- Supplied information:
* * * *
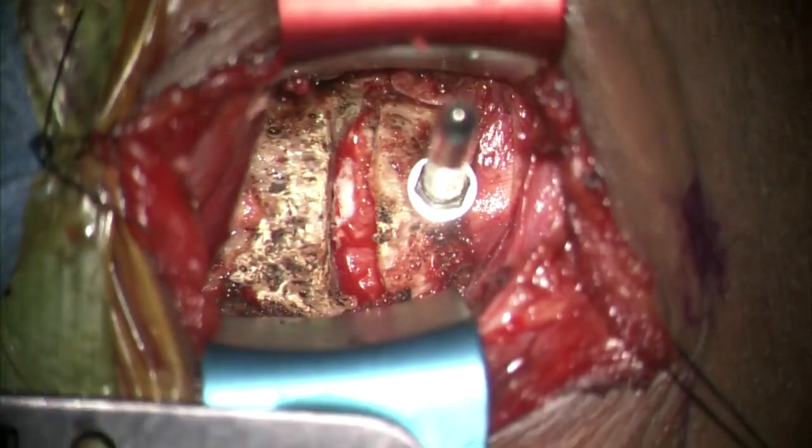Using the midline and the orientation of the end plates as reference points, Casper distractor pins are placed and the disc space is gently distracted.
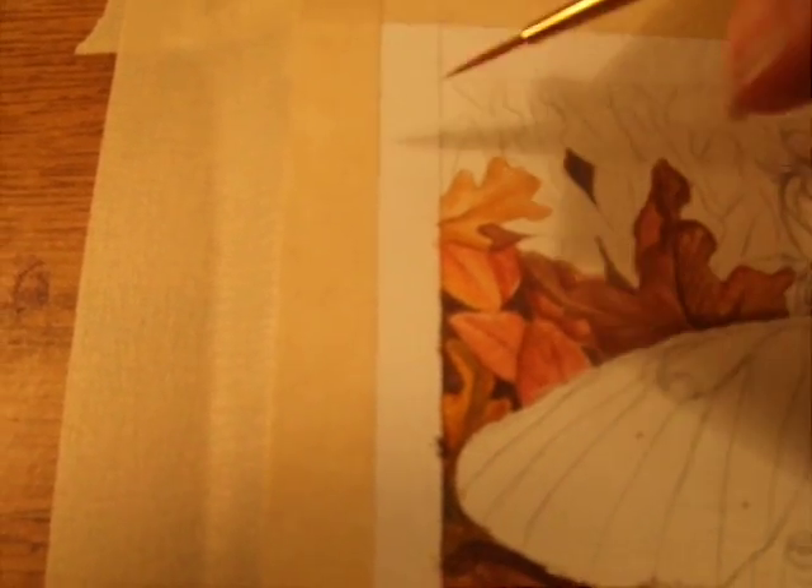I pick my color and it's pretty simple and quick. Sorry about the camera shaking, my hands are shaking. I just fill in with the color on one side.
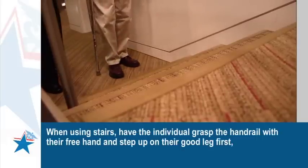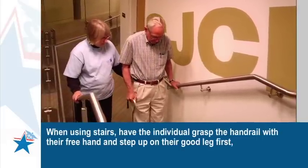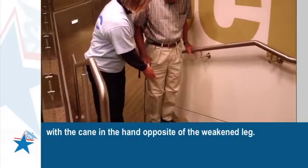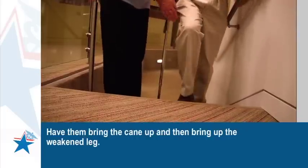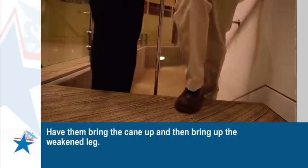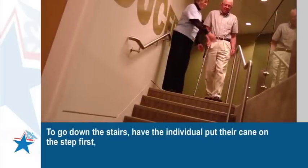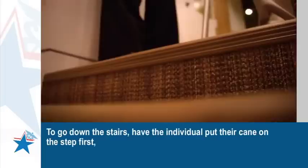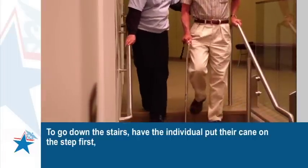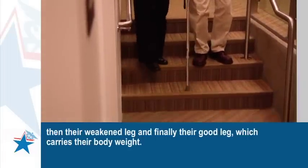They should look forward and not down at their feet. When using stairs, have the individual grasp the handrail with their free hand and step up on their good leg first, with the cane in the opposite hand of the weakened leg. Have them bring the cane up and then bring up the weakened leg. To go down the stairs, have the individual put their cane on the step first, then their weakened leg, and finally their good leg, which carries their body weight.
* * * *
- What needs to be done: Using the material above, return every line exactly as it appears, minus the pictures.

- The completed task:
Using the midline and the orientation of the end plates as reference points, Casper distractor pins are placed and the disc space is gently distracted.
I pick my color and it's pretty simple and quick. Sorry about the camera shaking, my hands are shaking. I just fill in with the color on one side.
They should look forward and not down at their feet. When using stairs, have the individual grasp the handrail with their free hand and step up on their good leg first, with the cane in the opposite hand of the weakened leg. Have them bring the cane up and then bring up the weakened leg. To go down the stairs, have the individual put their cane on the step first, then their weakened leg, and finally their good leg, which carries their body weight.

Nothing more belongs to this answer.